▶ **Problem requirements**:
Each record is to be given again without alteration.
== Segment start ==
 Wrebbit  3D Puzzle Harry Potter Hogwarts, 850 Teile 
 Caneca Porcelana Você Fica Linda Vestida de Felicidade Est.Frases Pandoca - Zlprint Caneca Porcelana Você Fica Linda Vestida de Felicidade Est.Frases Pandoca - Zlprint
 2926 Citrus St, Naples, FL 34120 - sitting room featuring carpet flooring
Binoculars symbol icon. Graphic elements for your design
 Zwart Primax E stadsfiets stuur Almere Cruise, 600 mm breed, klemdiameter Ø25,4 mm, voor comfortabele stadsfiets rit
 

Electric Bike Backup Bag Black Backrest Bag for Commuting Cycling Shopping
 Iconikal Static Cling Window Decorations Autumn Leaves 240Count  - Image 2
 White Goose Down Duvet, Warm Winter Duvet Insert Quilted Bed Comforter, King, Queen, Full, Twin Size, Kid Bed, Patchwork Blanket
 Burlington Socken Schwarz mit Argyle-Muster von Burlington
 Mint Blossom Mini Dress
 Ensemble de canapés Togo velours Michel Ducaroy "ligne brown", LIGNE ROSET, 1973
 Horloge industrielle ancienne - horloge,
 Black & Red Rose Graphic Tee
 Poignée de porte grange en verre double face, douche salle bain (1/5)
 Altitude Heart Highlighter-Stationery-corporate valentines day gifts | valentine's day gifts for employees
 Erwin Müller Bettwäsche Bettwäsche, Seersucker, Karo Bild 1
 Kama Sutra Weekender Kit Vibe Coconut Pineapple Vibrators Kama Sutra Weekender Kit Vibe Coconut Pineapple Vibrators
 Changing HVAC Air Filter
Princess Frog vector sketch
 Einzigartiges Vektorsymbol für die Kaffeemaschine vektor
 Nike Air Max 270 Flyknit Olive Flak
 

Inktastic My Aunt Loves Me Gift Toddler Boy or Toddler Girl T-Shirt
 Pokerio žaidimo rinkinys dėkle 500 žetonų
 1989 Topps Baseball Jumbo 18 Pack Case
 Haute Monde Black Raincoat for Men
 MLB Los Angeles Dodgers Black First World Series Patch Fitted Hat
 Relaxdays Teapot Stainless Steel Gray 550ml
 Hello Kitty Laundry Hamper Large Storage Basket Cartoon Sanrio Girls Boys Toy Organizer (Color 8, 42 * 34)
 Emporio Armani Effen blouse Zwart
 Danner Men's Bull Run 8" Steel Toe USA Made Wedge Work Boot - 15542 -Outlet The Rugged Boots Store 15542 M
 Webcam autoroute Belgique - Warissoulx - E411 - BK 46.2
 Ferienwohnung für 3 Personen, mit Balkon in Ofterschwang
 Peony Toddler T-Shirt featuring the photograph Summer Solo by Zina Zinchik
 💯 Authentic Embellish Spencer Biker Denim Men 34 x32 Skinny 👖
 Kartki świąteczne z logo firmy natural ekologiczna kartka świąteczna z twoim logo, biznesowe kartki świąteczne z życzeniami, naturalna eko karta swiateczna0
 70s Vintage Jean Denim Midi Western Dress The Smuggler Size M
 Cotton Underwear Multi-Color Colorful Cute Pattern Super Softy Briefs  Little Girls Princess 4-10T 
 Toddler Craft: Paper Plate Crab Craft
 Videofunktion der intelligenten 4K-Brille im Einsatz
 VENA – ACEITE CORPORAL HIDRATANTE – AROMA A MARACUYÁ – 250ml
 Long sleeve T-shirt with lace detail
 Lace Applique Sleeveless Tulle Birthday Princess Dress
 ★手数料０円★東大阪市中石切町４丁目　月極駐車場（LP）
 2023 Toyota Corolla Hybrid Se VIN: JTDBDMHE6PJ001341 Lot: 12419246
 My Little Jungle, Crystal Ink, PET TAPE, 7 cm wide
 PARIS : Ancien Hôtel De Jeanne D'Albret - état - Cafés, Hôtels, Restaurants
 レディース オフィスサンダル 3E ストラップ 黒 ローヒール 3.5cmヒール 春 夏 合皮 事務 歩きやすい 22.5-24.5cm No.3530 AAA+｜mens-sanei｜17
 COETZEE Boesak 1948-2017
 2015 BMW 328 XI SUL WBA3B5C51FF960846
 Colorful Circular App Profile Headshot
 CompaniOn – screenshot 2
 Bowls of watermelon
== Segment end ==
▶ **Answer box**:
 Wrebbit  3D Puzzle Harry Potter Hogwarts, 850 Teile 
 Caneca Porcelana Você Fica Linda Vestida de Felicidade Est.Frases Pandoca - Zlprint Caneca Porcelana Você Fica Linda Vestida de Felicidade Est.Frases Pandoca - Zlprint
 2926 Citrus St, Naples, FL 34120 - sitting room featuring carpet flooring
Binoculars symbol icon. Graphic elements for your design
 Zwart Primax E stadsfiets stuur Almere Cruise, 600 mm breed, klemdiameter Ø25,4 mm, voor comfortabele stadsfiets rit
 

Electric Bike Backup Bag Black Backrest Bag for Commuting Cycling Shopping
 Iconikal Static Cling Window Decorations Autumn Leaves 240Count  - Image 2
 White Goose Down Duvet, Warm Winter Duvet Insert Quilted Bed Comforter, King, Queen, Full, Twin Size, Kid Bed, Patchwork Blanket
 Burlington Socken Schwarz mit Argyle-Muster von Burlington
 Mint Blossom Mini Dress
 Ensemble de canapés Togo velours Michel Ducaroy "ligne brown", LIGNE ROSET, 1973
 Horloge industrielle ancienne - horloge,
 Black & Red Rose Graphic Tee
 Poignée de porte grange en verre double face, douche salle bain (1/5)
 Altitude Heart Highlighter-Stationery-corporate valentines day gifts | valentine's day gifts for employees
 Erwin Müller Bettwäsche Bettwäsche, Seersucker, Karo Bild 1
 Kama Sutra Weekender Kit Vibe Coconut Pineapple Vibrators Kama Sutra Weekender Kit Vibe Coconut Pineapple Vibrators
 Changing HVAC Air Filter
Princess Frog vector sketch
 Einzigartiges Vektorsymbol für die Kaffeemaschine vektor
 Nike Air Max 270 Flyknit Olive Flak
 

Inktastic My Aunt Loves Me Gift Toddler Boy or Toddler Girl T-Shirt
 Pokerio žaidimo rinkinys dėkle 500 žetonų
 1989 Topps Baseball Jumbo 18 Pack Case
 Haute Monde Black Raincoat for Men
 MLB Los Angeles Dodgers Black First World Series Patch Fitted Hat
 Relaxdays Teapot Stainless Steel Gray 550ml
 Hello Kitty Laundry Hamper Large Storage Basket Cartoon Sanrio Girls Boys Toy Organizer (Color 8, 42 * 34)
 Emporio Armani Effen blouse Zwart
 Danner Men's Bull Run 8" Steel Toe USA Made Wedge Work Boot - 15542 -Outlet The Rugged Boots Store 15542 M
 Webcam autoroute Belgique - Warissoulx - E411 - BK 46.2
 Ferienwohnung für 3 Personen, mit Balkon in Ofterschwang
 Peony Toddler T-Shirt featuring the photograph Summer Solo by Zina Zinchik
 💯 Authentic Embellish Spencer Biker Denim Men 34 x32 Skinny 👖
 Kartki świąteczne z logo firmy natural ekologiczna kartka świąteczna z twoim logo, biznesowe kartki świąteczne z życzeniami, naturalna eko karta swiateczna0
 70s Vintage Jean Denim Midi Western Dress The Smuggler Size M
 Cotton Underwear Multi-Color Colorful Cute Pattern Super Softy Briefs  Little Girls Princess 4-10T 
 Toddler Craft: Paper Plate Crab Craft
 Videofunktion der intelligenten 4K-Brille im Einsatz
 VENA – ACEITE CORPORAL HIDRATANTE – AROMA A MARACUYÁ – 250ml
 Long sleeve T-shirt with lace detail
 Lace Applique Sleeveless Tulle Birthday Princess Dress
 ★手数料０円★東大阪市中石切町４丁目　月極駐車場（LP）
 2023 Toyota Corolla Hybrid Se VIN: JTDBDMHE6PJ001341 Lot: 12419246
 My Little Jungle, Crystal Ink, PET TAPE, 7 cm wide
 PARIS : Ancien Hôtel De Jeanne D'Albret - état - Cafés, Hôtels, Restaurants
 レディース オフィスサンダル 3E ストラップ 黒 ローヒール 3.5cmヒール 春 夏 合皮 事務 歩きやすい 22.5-24.5cm No.3530 AAA+｜mens-sanei｜17
 COETZEE Boesak 1948-2017
 2015 BMW 328 XI SUL WBA3B5C51FF960846
 Colorful Circular App Profile Headshot
 CompaniOn – screenshot 2
 Bowls of watermelon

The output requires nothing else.